Walking barefoot along the sandy shores of a beautiful ocean is one of my favorite things in all the world to do. This year I had an unusual gift of being able to do that for 14 plus days in a row. Life-giving!
Finding heart shaped shells and rocks along the way, talking things out with Jesus, speaking words of truth from the Psalms or the Lord’s Prayer in sync with the deep-breathing movements of a yoga movement my son taught me, breathing in the salt air, feeling the breeze over my whole body, dipping my toes in the squishy sand as the cool water laps up over my feet, sharing conversations and life with people I dearly love … soul-happy-moments!
This was my life for the last few days and I won’t lie to you, I could really stay in that place for the rest of my life and possibly never turn back but turn back I did as we loaded up the van and made our way back up the interstate to our in-land home in Alabama.
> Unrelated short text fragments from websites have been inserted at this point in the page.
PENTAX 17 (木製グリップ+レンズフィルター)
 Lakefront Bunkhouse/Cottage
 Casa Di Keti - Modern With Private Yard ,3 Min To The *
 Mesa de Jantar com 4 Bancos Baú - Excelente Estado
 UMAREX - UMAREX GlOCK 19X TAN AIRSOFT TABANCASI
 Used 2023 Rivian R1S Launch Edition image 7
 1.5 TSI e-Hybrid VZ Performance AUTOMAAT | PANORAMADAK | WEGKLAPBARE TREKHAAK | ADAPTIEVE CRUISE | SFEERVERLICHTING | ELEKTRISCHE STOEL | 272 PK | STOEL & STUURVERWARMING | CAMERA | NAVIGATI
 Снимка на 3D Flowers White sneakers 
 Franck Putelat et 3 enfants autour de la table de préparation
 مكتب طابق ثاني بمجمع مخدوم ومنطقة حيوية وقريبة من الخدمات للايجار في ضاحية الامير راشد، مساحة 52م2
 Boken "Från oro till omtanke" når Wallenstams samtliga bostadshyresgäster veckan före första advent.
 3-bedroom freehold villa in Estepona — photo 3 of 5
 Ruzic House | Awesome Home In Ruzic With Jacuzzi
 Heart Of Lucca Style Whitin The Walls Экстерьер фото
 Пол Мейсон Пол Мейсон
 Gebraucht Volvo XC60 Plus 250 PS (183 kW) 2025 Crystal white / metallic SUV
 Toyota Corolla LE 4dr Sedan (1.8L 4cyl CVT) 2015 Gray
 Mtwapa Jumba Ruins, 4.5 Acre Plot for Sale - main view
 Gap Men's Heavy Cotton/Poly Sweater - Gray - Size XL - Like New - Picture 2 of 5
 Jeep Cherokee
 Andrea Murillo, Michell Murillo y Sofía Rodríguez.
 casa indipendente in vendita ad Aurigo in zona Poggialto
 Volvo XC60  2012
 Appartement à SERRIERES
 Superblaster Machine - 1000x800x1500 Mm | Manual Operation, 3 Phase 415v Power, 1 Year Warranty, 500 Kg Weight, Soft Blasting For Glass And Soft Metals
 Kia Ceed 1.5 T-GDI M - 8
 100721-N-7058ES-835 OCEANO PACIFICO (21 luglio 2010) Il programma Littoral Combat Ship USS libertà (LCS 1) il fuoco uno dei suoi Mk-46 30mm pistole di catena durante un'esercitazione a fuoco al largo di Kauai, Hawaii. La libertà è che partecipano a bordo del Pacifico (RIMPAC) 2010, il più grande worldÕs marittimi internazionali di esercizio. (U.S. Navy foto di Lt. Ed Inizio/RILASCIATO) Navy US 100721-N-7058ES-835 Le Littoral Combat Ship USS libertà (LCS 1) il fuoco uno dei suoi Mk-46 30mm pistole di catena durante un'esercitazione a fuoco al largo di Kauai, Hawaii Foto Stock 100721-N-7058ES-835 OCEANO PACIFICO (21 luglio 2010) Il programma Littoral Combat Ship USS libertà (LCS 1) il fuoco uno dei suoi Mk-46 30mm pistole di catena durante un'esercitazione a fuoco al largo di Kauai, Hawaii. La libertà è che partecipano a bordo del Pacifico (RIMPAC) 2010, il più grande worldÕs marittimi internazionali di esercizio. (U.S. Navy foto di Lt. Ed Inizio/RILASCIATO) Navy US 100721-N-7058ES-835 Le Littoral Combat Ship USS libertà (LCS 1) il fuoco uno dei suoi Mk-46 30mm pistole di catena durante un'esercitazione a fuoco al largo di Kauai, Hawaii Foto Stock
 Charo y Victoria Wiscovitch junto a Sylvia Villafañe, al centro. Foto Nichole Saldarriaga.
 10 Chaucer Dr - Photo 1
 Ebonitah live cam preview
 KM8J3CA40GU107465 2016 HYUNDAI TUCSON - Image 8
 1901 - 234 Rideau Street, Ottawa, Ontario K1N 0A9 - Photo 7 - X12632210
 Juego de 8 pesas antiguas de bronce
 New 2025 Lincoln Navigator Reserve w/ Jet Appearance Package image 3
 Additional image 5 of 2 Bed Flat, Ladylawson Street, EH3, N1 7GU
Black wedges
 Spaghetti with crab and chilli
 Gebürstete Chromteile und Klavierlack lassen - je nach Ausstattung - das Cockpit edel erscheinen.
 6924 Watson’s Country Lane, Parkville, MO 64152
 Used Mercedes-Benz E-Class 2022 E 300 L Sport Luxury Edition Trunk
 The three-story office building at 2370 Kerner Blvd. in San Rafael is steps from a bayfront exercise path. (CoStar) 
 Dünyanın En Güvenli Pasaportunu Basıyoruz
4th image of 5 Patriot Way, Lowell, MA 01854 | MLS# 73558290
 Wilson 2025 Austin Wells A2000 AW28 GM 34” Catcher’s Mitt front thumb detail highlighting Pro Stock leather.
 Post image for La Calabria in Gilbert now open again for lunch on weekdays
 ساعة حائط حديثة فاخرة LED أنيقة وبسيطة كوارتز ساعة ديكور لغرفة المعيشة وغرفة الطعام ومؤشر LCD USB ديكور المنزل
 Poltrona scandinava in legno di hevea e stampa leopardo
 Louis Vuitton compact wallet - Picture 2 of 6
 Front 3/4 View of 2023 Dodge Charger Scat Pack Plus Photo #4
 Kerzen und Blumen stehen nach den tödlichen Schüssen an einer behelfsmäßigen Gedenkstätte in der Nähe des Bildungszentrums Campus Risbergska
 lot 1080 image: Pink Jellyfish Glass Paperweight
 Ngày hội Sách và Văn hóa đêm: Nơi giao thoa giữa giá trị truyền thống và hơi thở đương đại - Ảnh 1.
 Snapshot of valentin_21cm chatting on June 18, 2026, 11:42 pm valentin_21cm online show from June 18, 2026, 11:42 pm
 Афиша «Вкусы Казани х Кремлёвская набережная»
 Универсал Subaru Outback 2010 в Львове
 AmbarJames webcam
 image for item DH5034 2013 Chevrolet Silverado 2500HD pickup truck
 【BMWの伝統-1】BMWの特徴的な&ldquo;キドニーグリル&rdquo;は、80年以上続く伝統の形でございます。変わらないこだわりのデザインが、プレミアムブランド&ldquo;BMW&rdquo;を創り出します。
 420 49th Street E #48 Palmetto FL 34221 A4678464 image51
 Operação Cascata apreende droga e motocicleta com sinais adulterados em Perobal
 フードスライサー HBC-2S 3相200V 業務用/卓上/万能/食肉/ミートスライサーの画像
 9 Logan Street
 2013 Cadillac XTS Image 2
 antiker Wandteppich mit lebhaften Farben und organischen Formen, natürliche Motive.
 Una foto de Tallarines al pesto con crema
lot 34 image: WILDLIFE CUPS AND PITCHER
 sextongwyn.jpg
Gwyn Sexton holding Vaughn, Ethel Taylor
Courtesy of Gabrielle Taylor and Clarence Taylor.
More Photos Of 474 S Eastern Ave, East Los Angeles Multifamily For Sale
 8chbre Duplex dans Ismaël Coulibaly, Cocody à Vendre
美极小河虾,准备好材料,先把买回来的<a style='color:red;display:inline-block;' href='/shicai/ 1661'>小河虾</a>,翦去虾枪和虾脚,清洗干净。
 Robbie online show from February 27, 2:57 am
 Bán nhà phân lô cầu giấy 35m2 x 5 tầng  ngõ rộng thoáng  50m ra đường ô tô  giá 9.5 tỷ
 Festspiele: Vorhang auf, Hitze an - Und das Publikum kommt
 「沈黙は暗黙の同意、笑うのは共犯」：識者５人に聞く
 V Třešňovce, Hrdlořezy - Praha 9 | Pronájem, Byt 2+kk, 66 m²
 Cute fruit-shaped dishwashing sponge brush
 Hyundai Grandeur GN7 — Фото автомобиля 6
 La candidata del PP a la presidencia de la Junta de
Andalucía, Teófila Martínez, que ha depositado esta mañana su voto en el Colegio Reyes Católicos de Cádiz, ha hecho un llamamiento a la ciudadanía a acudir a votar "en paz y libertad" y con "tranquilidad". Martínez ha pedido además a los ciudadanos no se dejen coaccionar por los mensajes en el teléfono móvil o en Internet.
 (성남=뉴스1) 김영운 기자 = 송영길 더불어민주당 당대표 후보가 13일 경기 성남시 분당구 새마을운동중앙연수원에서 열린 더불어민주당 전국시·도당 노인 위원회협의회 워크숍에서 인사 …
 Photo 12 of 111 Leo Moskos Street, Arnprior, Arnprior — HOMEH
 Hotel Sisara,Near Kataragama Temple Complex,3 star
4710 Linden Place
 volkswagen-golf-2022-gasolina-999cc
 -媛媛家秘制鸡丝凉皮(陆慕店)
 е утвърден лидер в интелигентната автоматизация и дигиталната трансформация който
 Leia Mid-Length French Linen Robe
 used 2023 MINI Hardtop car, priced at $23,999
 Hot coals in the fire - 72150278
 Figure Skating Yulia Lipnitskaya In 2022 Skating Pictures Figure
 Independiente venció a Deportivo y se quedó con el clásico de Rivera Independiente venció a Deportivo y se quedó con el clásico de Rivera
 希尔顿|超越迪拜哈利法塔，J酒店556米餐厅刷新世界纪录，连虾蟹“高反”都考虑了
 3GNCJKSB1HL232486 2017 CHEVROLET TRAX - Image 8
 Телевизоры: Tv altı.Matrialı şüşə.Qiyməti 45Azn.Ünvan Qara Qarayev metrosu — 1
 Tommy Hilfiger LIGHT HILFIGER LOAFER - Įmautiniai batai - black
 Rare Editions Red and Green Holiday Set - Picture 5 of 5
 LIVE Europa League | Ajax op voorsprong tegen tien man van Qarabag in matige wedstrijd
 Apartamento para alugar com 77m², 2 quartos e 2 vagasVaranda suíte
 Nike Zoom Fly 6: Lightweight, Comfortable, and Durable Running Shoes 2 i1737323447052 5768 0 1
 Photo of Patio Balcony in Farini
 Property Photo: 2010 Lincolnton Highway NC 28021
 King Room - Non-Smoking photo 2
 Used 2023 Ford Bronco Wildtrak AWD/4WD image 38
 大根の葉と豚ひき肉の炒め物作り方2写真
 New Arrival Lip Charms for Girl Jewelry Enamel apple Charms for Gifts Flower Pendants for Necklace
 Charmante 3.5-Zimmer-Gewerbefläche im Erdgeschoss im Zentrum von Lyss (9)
Yesterday, I put my sneakers on and headed out the door to walk on a familiar, yet an oh-so noticeably different terrain …city sidewalks dressed in a drab gray or with a stretch of the imagination —sand-colored. Oil-stained, hot asphalt roads. Hot. Humid. No water to step your feet into to cool off. Pounding the pavement instead of walking alongside the pounding waves of the ocean.
As my senses tried to adjust to the stark differences of my surroundings under my feet, I thought about a phrase the Holy Spirit spoke to me near the end of our vacation.
Even though I could see the sun rising over the Atlantic Ocean in brilliant colors of pink on blue, my mind began racing down the road to all the things I needed to do to pack up and prepare for the journey home. So much thinking! So much to do! And in typical fashion, my mind is prone to wander down roads that lead to anxious thoughts … the “what if’s” and the irrational fear I have of being responsible for the safety concerns of pretty much the entire universe. Yes! That would be me.
However, as the shot fired in the air and the flag went down at the starting line of the mental speedway and my mind revved the engine to anxious thinking, the Holy Spirit shared a simple thought …
“Right here. Right now.”
What did “right here-right now” look like?
Since I had barely opened my morning eyes, right here looked like lying on a comfortable couch …feeling the coolness of the sheet covering me …a soft pillow under my head …view of the ocean to my right. I was breathing. I was alive. I was comfortable and cozy in my little space. That was my reality in the moment. Peace. Comfort.
As if in the gentle, low-tones of morning whispers, the conversation we were having continued as He encouraged me to focus on my current state …my reality in the moment. Stay in that. Be right here. Right now. In this moment. That’s all we need to think about.
Racing down the racetrack of the rest of the day would most surely end in a tragic accident of epic proportion if I let my mind wander far enough down that road. Possibilities not yet seen. Fears of things not yet experienced and most likely never even possible. Scenarios created by irrational fears and responsibilities I was never meant to pick up and carry, as my dear friend reminded me. Not my job. God’s alone.
Instead of carrying responsibilities and thoughts of the future along with all the “what if’s”, I found myself carrying this phrase throughout the day and on into the following days …“Right here. Right now.”
Tomorrow has enough troubles of its own, right! There’s no need to go there until we actually are there. And when we get there, there will be enough grace and mercy for that moment. Real-time peace. There’s always enough. You can’t gather peace ahead of time anyway. There’s just enough for each moment. Manna for today. Daily bread.
You can’t borrow from the future but you can take comfort in remembering yesterday’s peace that was beyond any natural understanding. You can remember how God got you through it all even in your darkest hours. You may have scars but you made it! Peace was there yesterday …it’s here today …it’ll will be here tomorrow because Jesus is right here–right now. He’s the same yesterday, today and tomorrow He was there, He is here, and He will be there.
Today already presented itself with a situation that I knew would have moments of uncertainty …insecurity …possible pain and a sense of loss. I chose to sit in the state of“right here. right now” and enjoy the beautiful people around me and the love we shared for each other.
I don’t know about tomorrow and I honestly don’t know much about the rest of this day but I do know that Jesus is already there. He’s watching and waiting for me and you and He’ll fill us in when we get there with whatever we need to know.
Trust. Rest. Right now. Right here. That’s all we have for now.